TASK OBJECTIVE :: Go through the records line by line from the top and repeat each one exactly, ending with the line that contains "Telefontok Realme-hez, World".

==========

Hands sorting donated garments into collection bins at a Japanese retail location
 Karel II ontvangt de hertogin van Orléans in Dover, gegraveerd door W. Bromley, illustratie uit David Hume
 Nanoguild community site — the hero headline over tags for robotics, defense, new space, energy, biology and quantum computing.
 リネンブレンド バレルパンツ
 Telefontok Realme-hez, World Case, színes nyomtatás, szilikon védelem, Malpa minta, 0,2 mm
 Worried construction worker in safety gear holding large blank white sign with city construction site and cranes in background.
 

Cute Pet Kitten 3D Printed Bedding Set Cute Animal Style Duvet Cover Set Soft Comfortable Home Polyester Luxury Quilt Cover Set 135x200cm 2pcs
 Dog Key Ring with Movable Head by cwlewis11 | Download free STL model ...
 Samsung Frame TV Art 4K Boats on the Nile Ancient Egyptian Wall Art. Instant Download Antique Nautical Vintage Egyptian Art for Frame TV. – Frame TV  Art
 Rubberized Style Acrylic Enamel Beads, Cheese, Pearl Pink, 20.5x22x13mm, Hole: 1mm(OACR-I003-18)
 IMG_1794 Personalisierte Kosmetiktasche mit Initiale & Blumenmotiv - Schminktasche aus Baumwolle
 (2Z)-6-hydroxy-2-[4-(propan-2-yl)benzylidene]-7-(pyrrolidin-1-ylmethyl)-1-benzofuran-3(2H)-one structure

==========

SOLVED PROBLEM ::
Hands sorting donated garments into collection bins at a Japanese retail location
 Karel II ontvangt de hertogin van Orléans in Dover, gegraveerd door W. Bromley, illustratie uit David Hume
 Nanoguild community site — the hero headline over tags for robotics, defense, new space, energy, biology and quantum computing.
 リネンブレンド バレルパンツ
 Telefontok Realme-hez, World Case, színes nyomtatás, szilikon védelem, Malpa minta, 0,2 mm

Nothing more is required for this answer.